EXERCISE DETAILS:
Beginning with the line that includes "Pulsera eslabón cruzado", return every remaining line of the material exactly as it reads, but not the pictures.

*** Opening of DATA SECTION ***

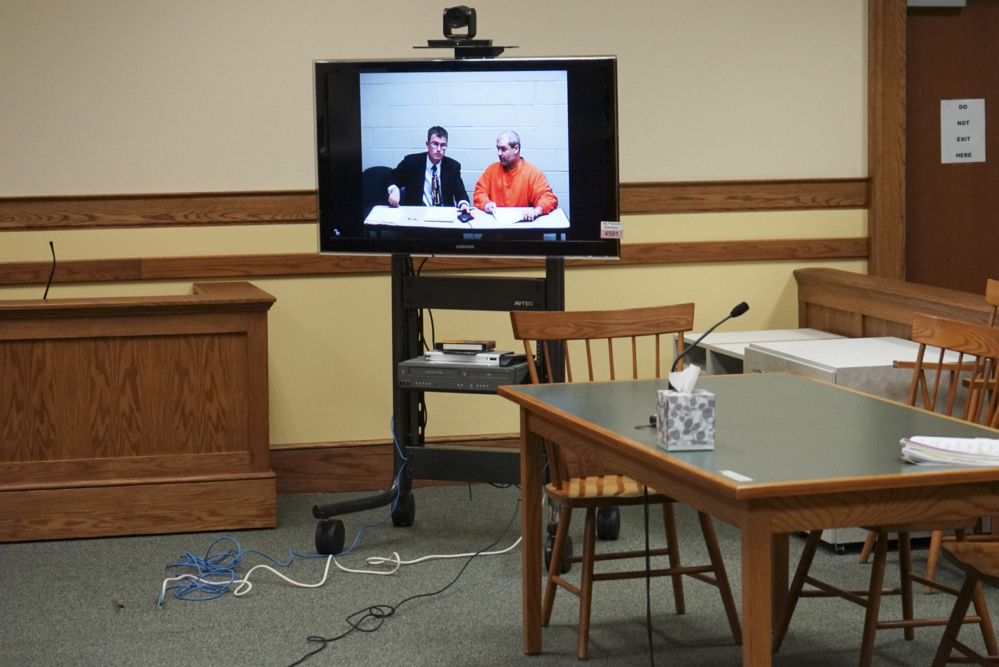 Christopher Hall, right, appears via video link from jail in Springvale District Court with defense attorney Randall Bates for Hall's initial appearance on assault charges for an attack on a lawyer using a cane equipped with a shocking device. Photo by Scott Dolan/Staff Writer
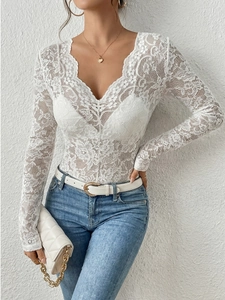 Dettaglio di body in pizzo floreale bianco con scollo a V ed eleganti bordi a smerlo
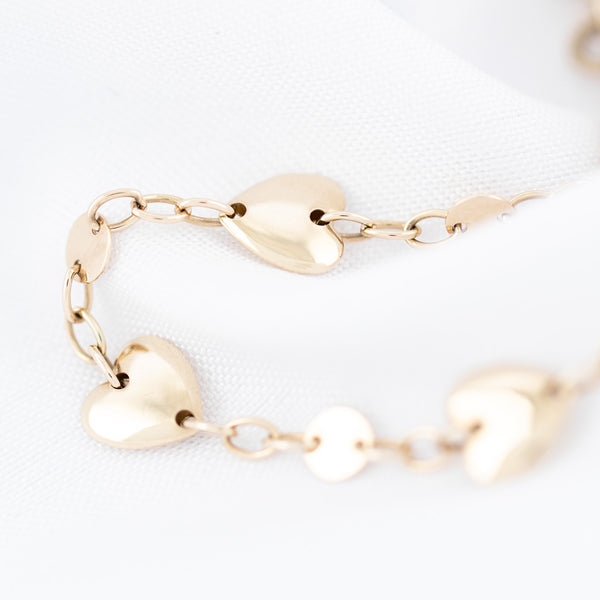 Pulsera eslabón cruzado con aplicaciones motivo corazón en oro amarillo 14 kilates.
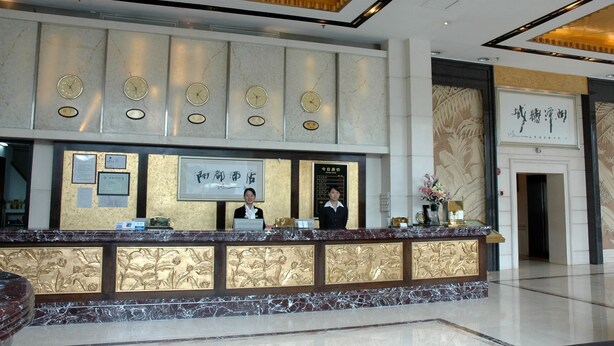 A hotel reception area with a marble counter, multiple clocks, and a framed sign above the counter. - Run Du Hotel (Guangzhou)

*** Close of DATA SECTION ***

ANSWER FOR THE TASK:
 Pulsera eslabón cruzado con aplicaciones motivo corazón en oro amarillo 14 kilates.
 A hotel reception area with a marble counter, multiple clocks, and a framed sign above the counter. - Run Du Hotel (Guangzhou)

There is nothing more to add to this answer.